How do you simplify $ 90 \times 8! $ ?

Answer 1

Hint: Here in this question, they have used $ \times $ operator. This operator does the multiplication and we are multiplying the two terms. In this question we also see ! symbol this represents the factorial, the factorial is defined as $ n! = n \times (n - 1) \times (n - 2) \times ... \times 2 \times 1 $ .
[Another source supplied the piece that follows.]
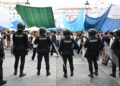 Alarma en la Puerta del Sol: agresiones, cuchillos y protocolos anti-violaciones en el campamento Alarma en la Puerta del Sol: agresiones, cuchillos y protocolos anti-violaciones en el campamento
Complete step-by-step answer:
Here in this question, they have used a multiplication symbol. We have mathematical operations namely addition, subtraction, multiplication and division. + represents the addition, - represents subtraction, $ \times $ represents the multiplication and $ \div $ represents the division. The multiplication is a repeated addition.
Now consider $ 90 \times 8! $
First we simplify the factorial term. ! indicates the factorial. In general the factorial is defined as $ n! = n \times (n - 1) \times (n - 2) \times ... \times 2 \times 1 $ where n is a positive integer.
First we simplify the factorial term, so we have
 $ 8! = 8 \times 7 \times 6 \times 5 \times 4 \times 3 \times 2 \times 1 $
We multiply two-two terms, when we multiply 8 to 7 we have
 $ \Rightarrow 8! = 56 \times 6 \times 5 \times 4 \times 3 \times 2 \times 1 $
On multiplying 56 and 6 we get
 $ \Rightarrow 8! = 336 \times 5 \times 4 \times 3 \times 2 \times 1 $
On multiplying 336 and 5 we get
 $ \Rightarrow 8! = 1680 \times 4 \times 3 \times 2 \times 1 $
On multiplying 1680 and 4 we get
 $ \Rightarrow 8! = 6720 \times 3 \times 2 \times 1 $
On multiplying 6720 and 3 we get
 $ \Rightarrow 8! = 20160 \times 2 \times 1 $
On multiplying 20160 and 2 we get
 $ \Rightarrow 8! = 40320 \times 1 $
On multiplying 40320 and 1 we get
 $ \Rightarrow 8! = 40320 $
Now we have simplified the factorial term
Therefore $ 8! = 40320 $
Now we have to multiply 90 to the factorial of 8.
 $ 90 \times 8! $
Substitute the value of 8 factorial we get
 $ \Rightarrow 90 \times 40320 $
On multiplying 90 and 40320 we get
 $ \Rightarrow 3628800 $
hence, we have simplified the given question and determined the value
therefore $ 90 \times 8! = 3628800 $
So, the correct answer is “3628800”.

Note: To solve the mathematical problems we have mathematical operations. There are for mathematical operations namely addition, subtraction, multiplication and division. + represents the addition, - represents subtraction, $ \times $ represents the multiplication and $ \div $ represents the division. The multiplication is the repeated addition. ! indicates the factorial. In general the factorial is defined as $ n! = n \times (n - 1) \times (n - 2) \times ... \times 2 \times 1 $ where n is a positive integer.